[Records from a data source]
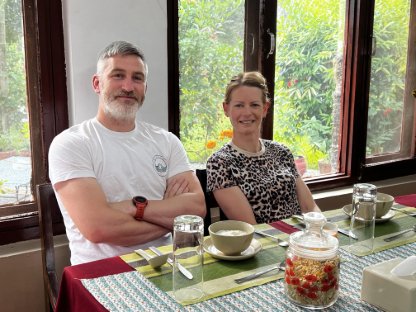 husband and wife travelled to nepal and having dinner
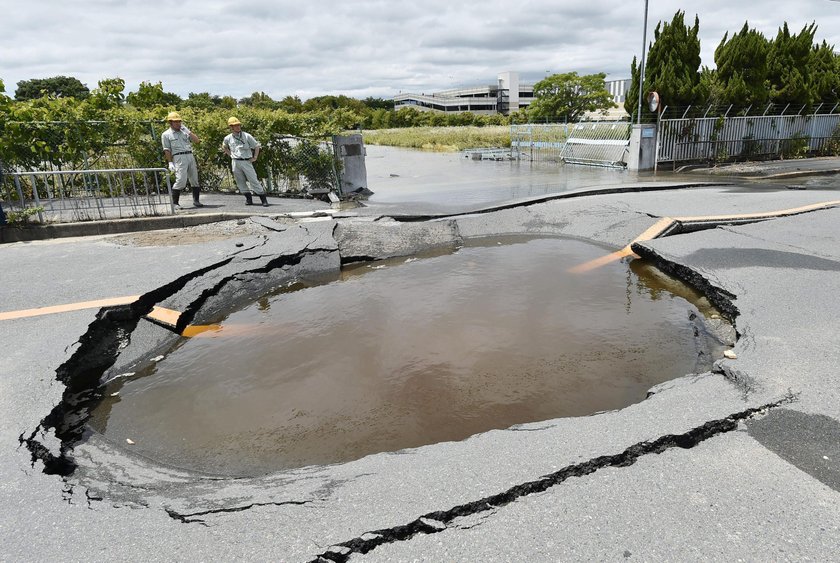 Employees try to remove bottles and cans of beverages which are scattered by an earthquake at a liqu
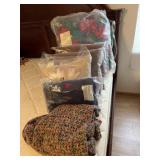 New pillows, comforters, cushion, and crocheted
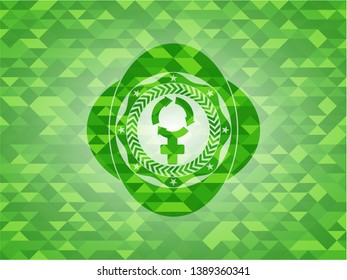 women cycle icon inside green emblem with mosaic background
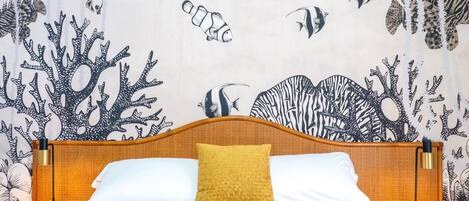Una cama con cabecera de madera, un cojín color mostaza y uno blanco. Hay dos mesitas de noche con lámparas. La pared presenta un papel tapiz con temática marina que muestra peces y coral.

## Exercise aim:
Pictures aside, write out all of the records exactly.

## Solution for this problem:
 husband and wife travelled to nepal and having dinner
 Employees try to remove bottles and cans of beverages which are scattered by an earthquake at a liqu
 New pillows, comforters, cushion, and crocheted
 women cycle icon inside green emblem with mosaic background
Una cama con cabecera de madera, un cojín color mostaza y uno blanco. Hay dos mesitas de noche con lámparas. La pared presenta un papel tapiz con temática marina que muestra peces y coral.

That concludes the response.